◆ **EXERCISE AIM**
Please return the data word for word and leave out any picture it contains.

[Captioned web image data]
BEGIN
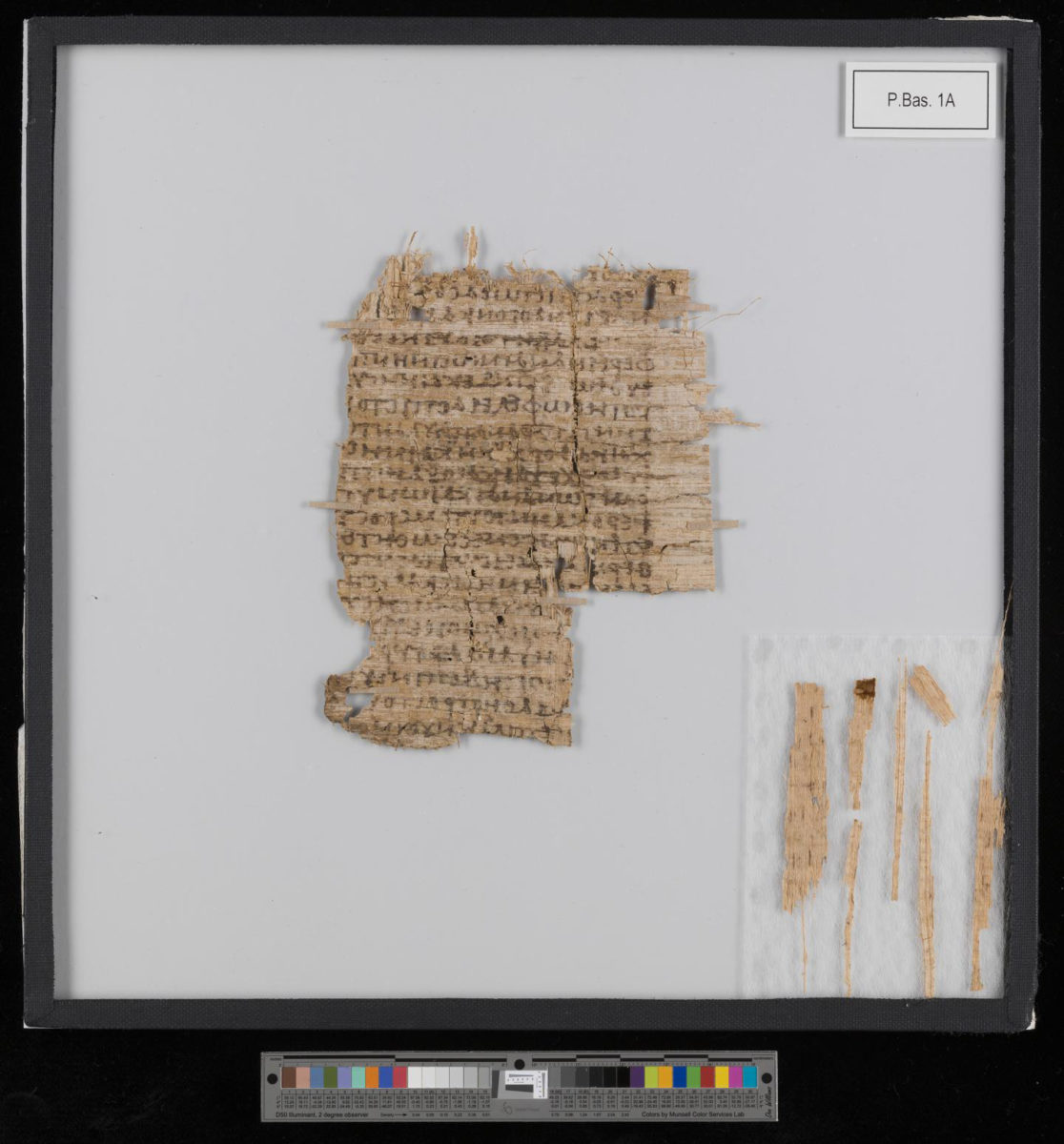 After conservation: cleaned, smoothed and consolidated. A specialized papyrus conservator was brought to Basel to make this 2,000-year-old document legible again. Credit: University of Basel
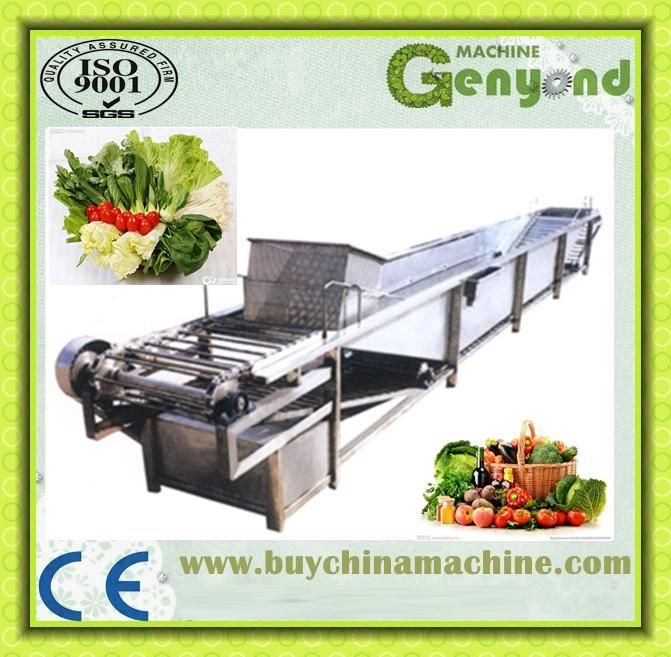 Green Vegetables Washing & Blanching Processing Line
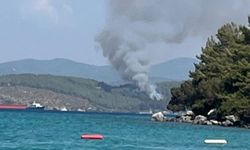 Bodrum’da orman yangını!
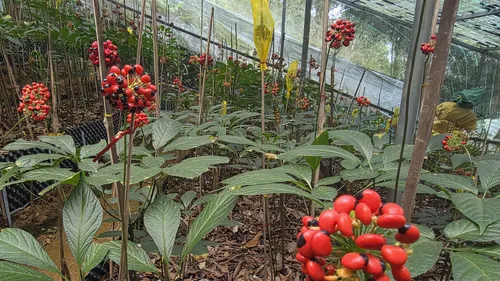 UBND TP Đà Nẵng ban hành quy chế mới về quản lý, sử dụng chỉ dẫn địa lý "Ngọc Linh" cho sản phẩm sâm củ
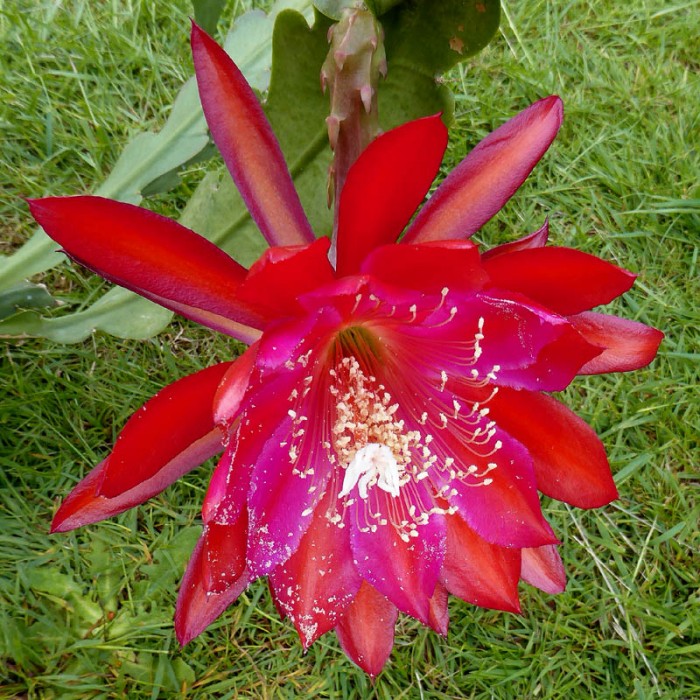 Epiphyllum hybrid (probably Dracula), ex Hollygate Nursery.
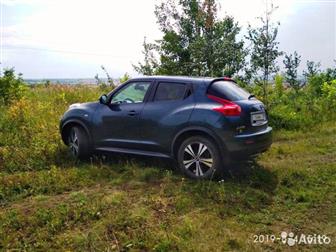 Nissan Juke 2011, ,      (   ,  ,  ,   ),    ,     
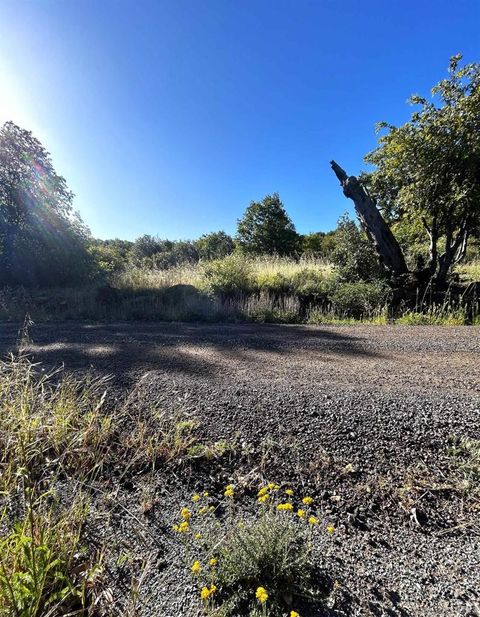 Photo of Oak Way, Julian, CA 92036 (MLS # 260011227SD)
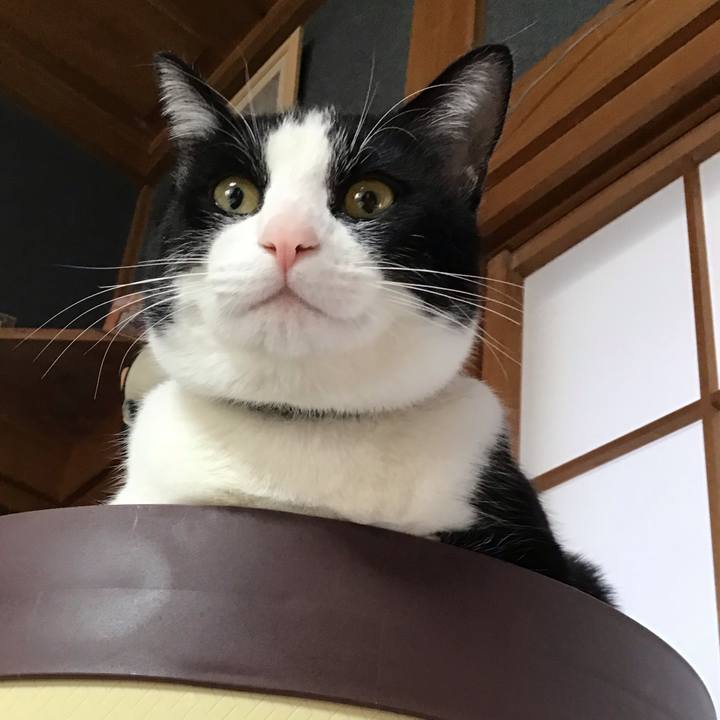 1f6e41fd 13ab 4ff7 8156 70551a9684ff 1648073674884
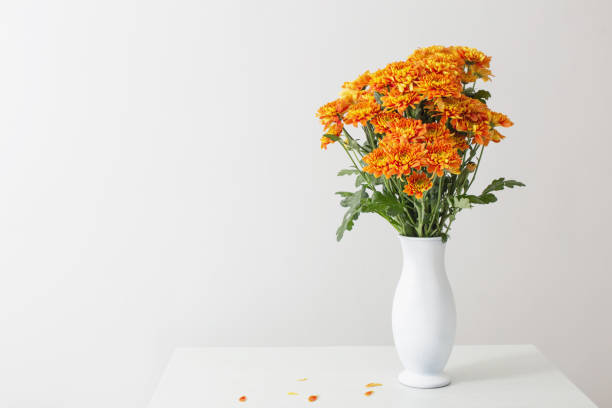 istock orange   chrysanthemums in  white  vase on white background 1384131820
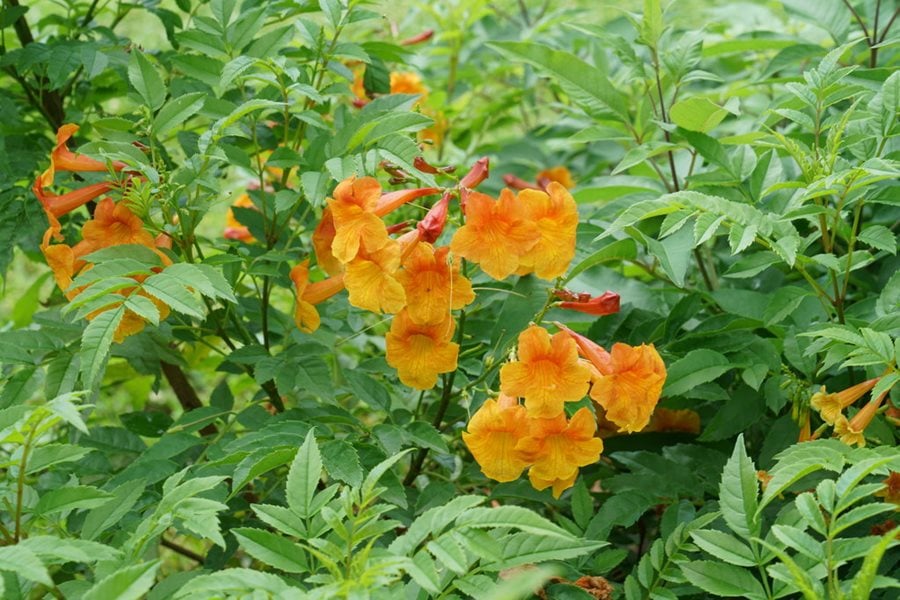 Image of Tecoma bells of fire shrub in a pot on a patio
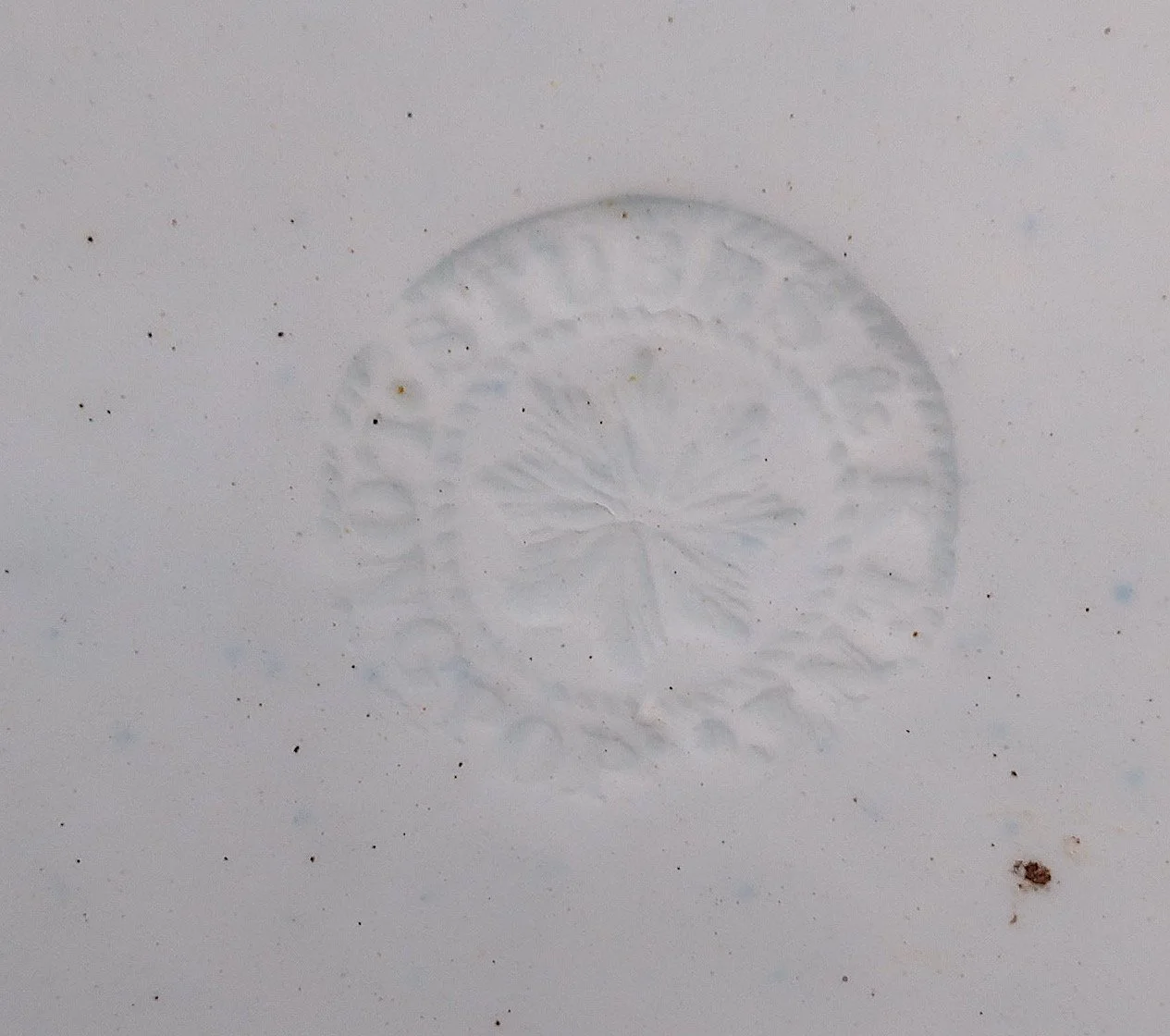 shellplate1.1.jpeg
END
◆ **TASK RESULT**
 After conservation: cleaned, smoothed and consolidated. A specialized papyrus conservator was brought to Basel to make this 2,000-year-old document legible again. Credit: University of Basel
 Green Vegetables Washing & Blanching Processing Line
 Bodrum’da orman yangını!
 UBND TP Đà Nẵng ban hành quy chế mới về quản lý, sử dụng chỉ dẫn địa lý "Ngọc Linh" cho sản phẩm sâm củ
 Epiphyllum hybrid (probably Dracula), ex Hollygate Nursery.
 Nissan Juke 2011, ,      (   ,  ,  ,   ),    ,     
 Photo of Oak Way, Julian, CA 92036 (MLS # 260011227SD)
 1f6e41fd 13ab 4ff7 8156 70551a9684ff 1648073674884
 istock orange   chrysanthemums in  white  vase on white background 1384131820
 Image of Tecoma bells of fire shrub in a pot on a patio
 shellplate1.1.jpeg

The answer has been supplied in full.